И Кувалда, и Маунтин были оба родом из маленького городка на границе с пустыней Негов, и с самого детства были между собой на ножах из-за жесточайшего соперничества, пусть даже, по словам Кувалды, и одностороннего. Кувалда – тогда Молоток, играл на "правильной" стороне, а вот Маунтин – что характерно, звавшийся тогда Громилой – совсем даже наоборот… поневоле, как он сейчас утверждал.

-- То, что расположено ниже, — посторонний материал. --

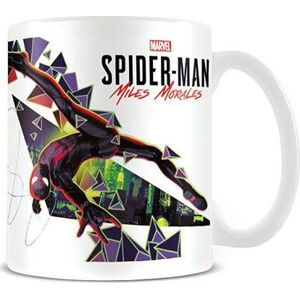 Spider-Man: Miles Morales Break Through Hrnek bílá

– А что же мне, бедняге, было делать, – добродушно посмеивался Маунтин, – если место "самого хорошего парня" было уже занято? Да еще кем? Парнем, который, во-первых, сильнее… тогда был, тогда… сейчас-то еще неизвестно, цирк силушку накачивает еще как, а ты, я слышал, все больше голову премудростями тренировал. Ну, а во-вторых, конечно, много умнее, собака такая. Так что даже пословица знаменитая – "сила есть, ума не надо" – работать отказывалась. И, в-третьих, все, за что ни брался, у этого типа получалось – опять же, что характерно – играючи. А с кого другого семь потов сойдет, и все равно ничего не получится. Что же этому другому остается, кроме роли совсем уж скверного парня? Даже чавку хорошисту, паразиту такому, один на один начистить не получится, надо друзей собирать.
– Ну, и как? – живо заинтересовались слушатели.
– Что значит – как? У него тоже друзья. Вот сами и посудите, каково оно молодому, сильному, заносчивому и, признаться, не слишком умному парню всегда и во всем быть вторым? И видишь, что несет тебя не туда, и думаешь с тоской о себе, дураке, что в корешах у тебя все больше шушера, а то и вовсе прямые гады, а во врагах хорошие парни, с которыми дружить бы и дружить, да вот беда – все корабли сожжены до головешек, и пути отрезаны. Плохим парнем быть не очень-то и хотел, хорошим не мог. Так и ушел я из родных мест через неделю после тебя, Молоток, то есть, извини, Кувалда, с бродячим цирком. Ты в школяры подался, а я в циркачи, и рад был до полусмерти, что не надо мне, наконец-то, корчить из себя крутого долбошлепа, и что могу я теперь быть простым сильным добродушным парнем, который, в сущности, я и есть.
Золотая осень шла к концу, погода портилась. Да и места пошли совсем уже обжитые, так что ночевать в лесу стало вовсе не с руки – и неуютно, и трактовые дозоры обязательно заинтересовались бы извращенцами, ночующими не в уюте странноприимного дома, а в дождливом лесу у чадящего костра.
Все это время в проводниках и главных советчиках у друзей пребывал, однако же, не Маунтин, а тот, второй, который кот на задних лапах. Вид он имел на редкость нелепый и смешной, имя у него тоже было решительно дурацкое: Бим. Однако же, референции со стороны Маунтина представлены были о нем самые уважительные со вздеванием кверху указующего перста и значительным покачиванием головы – он-де коверный клоун, самый быстрый умом человек на весь цирк, а выглядеть дураками коверным положено по роли.